For patients with established metastatic disease, again, regimens that have been applied to other metastatic GI malignancies have shown modest activity without a clearly demonstrable impact on either length or quality of life. In addition to fluorouracil (5-FU), other agents that may have value in the management of these patients include irinotecan (CPT-11, Camptosar) and oxaliplatin (Eloxatin). Ultimately, however, based on past experience with systemic therapy for advanced metastatic GI adenocarcinoma, major advances with this strategy are unlikely. Meaningful progress is more likely to come from defining a unique genetic vulnerability in these tumors, such as has been seen in the application of imatinib (Gleevec) to patients with advanced metastatic GI stromal tumors.[3]

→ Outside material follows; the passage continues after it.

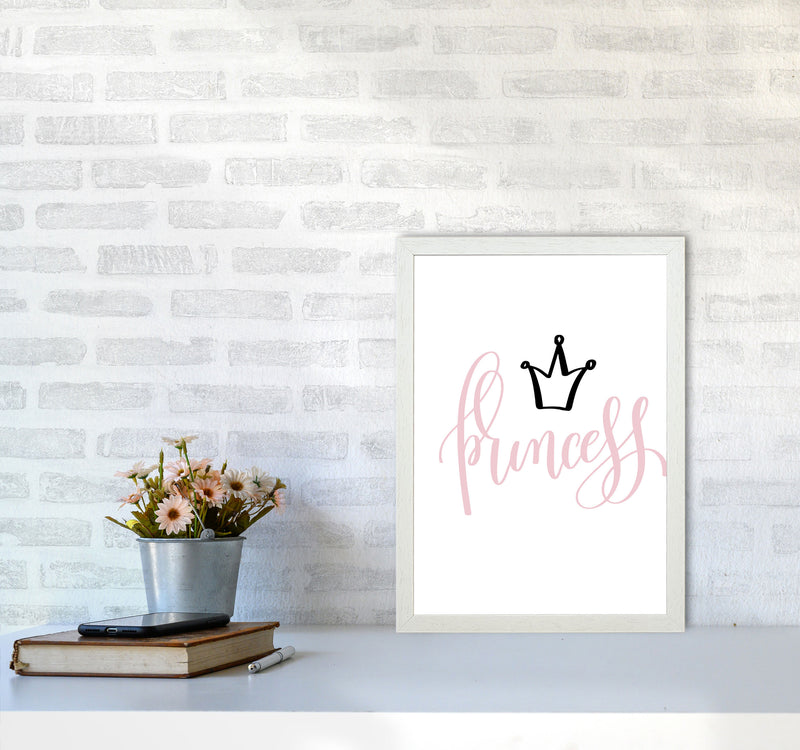 Princess Pink And Black Framed Nursey Wall Art Print A3 Oak Frame
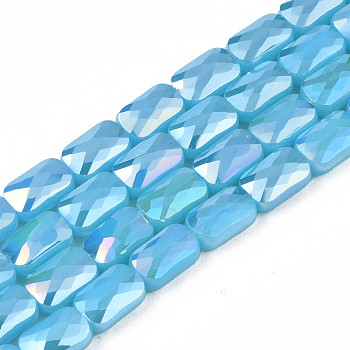 Electroplate Opaque Solid Color Glass Beads Strands, AB Color Plated, Faceted, Rectangle, Light Sky Blue, 7x4x3mm, Hole: 1mm, about 79~80pcs/strand, 20.47 inch(52cm)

With regard to palliation, although surgery may be useful in addressing specific symptoms of obstruction in the primary tumor in patients with metastatic disease, the role of surgical palliation of patients with obstruction from recurrent disease should be carefully evaluated on an individual basis. The authors cite several small retrospective studies that suggest a survival advantage seen in patients who receive treatment, as opposed to those who were followed with supportive care. It is possible, indeed likely, that any observed survival difference in these small studies is due to patient selection (ie, that untreated patients had more advanced disease), rather than the impact of treatment per se. We must be cautious about interpreting these results as being due to any treatment-related effect.

Conclusions

The authors are to be commended for compiling a very concise review of small bowel adenocarcinoma. They have reminded us that treatment for unusual tumors is much more often guided by general principles of oncology than by specific class 1 data.

References:

1. Temple L, Coit DG: Cancer of the small bowel and appendix, in Abbruzzese JL, Evans DB, Willett C, et al (eds): Principles and Practice of Gastrointestinal Oncology, 6th ed. New York, Oxford University Press. In press.

2. Howe JR, Karnell LH, Scott-Conner C: Small bowel sarcoma: Analysis of survival from the National Cancer Data Base. Ann Surg Oncol 8(6):496-508, 2001.

3. Demetri GD, von Mehren M, Blanke CD, et al: Efficacy and safety of imatinib mesylate in advanced gastrointestinal stromal tumors. N Engl J Med 347:472-480, 2002.